Worcester Chamber Gets Behind Local Manufacturing
Tuesday, October 08, 2013
“Manufacturing is about 17% of the employment base in Central Massachusetts,” said Tim Murray, President and CEO of the Worcester Chamber of Commerce and former Massachusetts Lieutenant Governor. “We want to bring in our manufacturers to better understand what their needs are, and to do what we can to support and advocate for them so we can maintain and support jobs.”
The manufacturing sector has been steadily recovering from the nationwide economic recession, said Murray, providing solid, middle-class jobs to Worcester County residents.
“Manufacturing had been in sharp decline from the end of World War II to quite recently, but manufacturing is starting to come back in the state” said Barry Bluestone, Founding Director of the Dukakis Center for Urban and Regional Policy.
According to data collected by the Dukakis Center, in 2007 there were 1089 manufacturing firms in Worcester County.
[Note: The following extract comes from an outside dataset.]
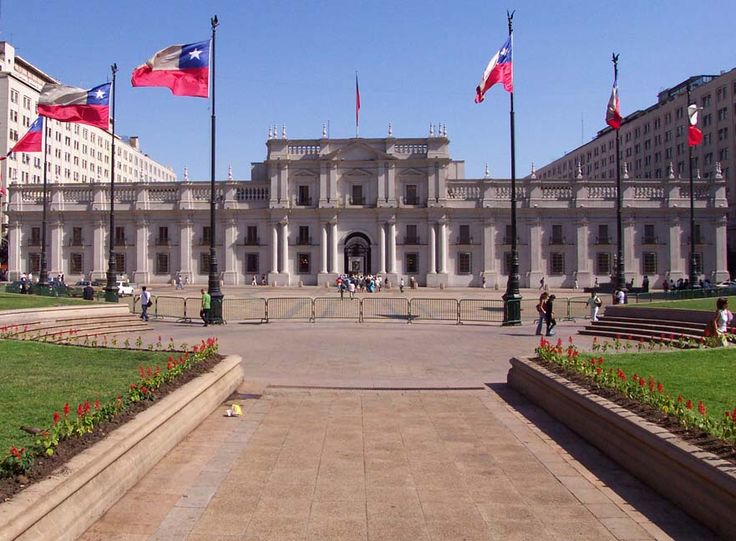 palacio de la moneda em santiago do chile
These firms employed around 52,000 people, and had a total payroll of $2.6 billion. In 2010, the number of firms had dropped to 1,013 and employment had dropped to 35,200. Total payroll had fallen to $2.36 billion, not surprising given the state of the U.S. economy in 2010.
In 2012, the most recent year for which data is available, the number of manufacturing firms had continued to fall, but at a much slower rate. There were 955 firms in Worcester County, employing 33,700 individuals. Total payroll had climbed 2.4% to $2.42 billion.
“Making things has always been an important part of our economy and we have seen encouraging signs that manufacturing is making a resurgence in the region,” said Murray. “The Chamber intends to support that trend and our manufacturing base here in Central Massachusetts. Bringing companies together and understanding their needs is just the first step.”
Another key step, according to Murray, is advocacy.
“There are perceptions that sometimes exist among parents, guidance counselors, and teachers that manufacturing is a dark, dank factory from the 1960s, and that is no longer the reality,” he said. “Part of our mission is to make sure that any parent and guidance counselor, or mentor understands the tremendous opportunity for young people.”
“Manufacturing is starting to stabilize so we’ll have much slower declines in employment and a continued rise in payroll,” said Bluestone, “plus jobs opening up because of people retiring.”
The average median wage in manufacturing is $70,000, Murray said. Recent reports indicate that almost 100,000 employees will soon be aging out or retiring from manufacturing jobs, opening a significant number of opportunities to young people looking for work.
The roundtable will hold quarterly meeting, the first of which will be held on November 6,2013 at the Saint-Gobain Abrasives in Worcester, one of the region’s largest manufacturers.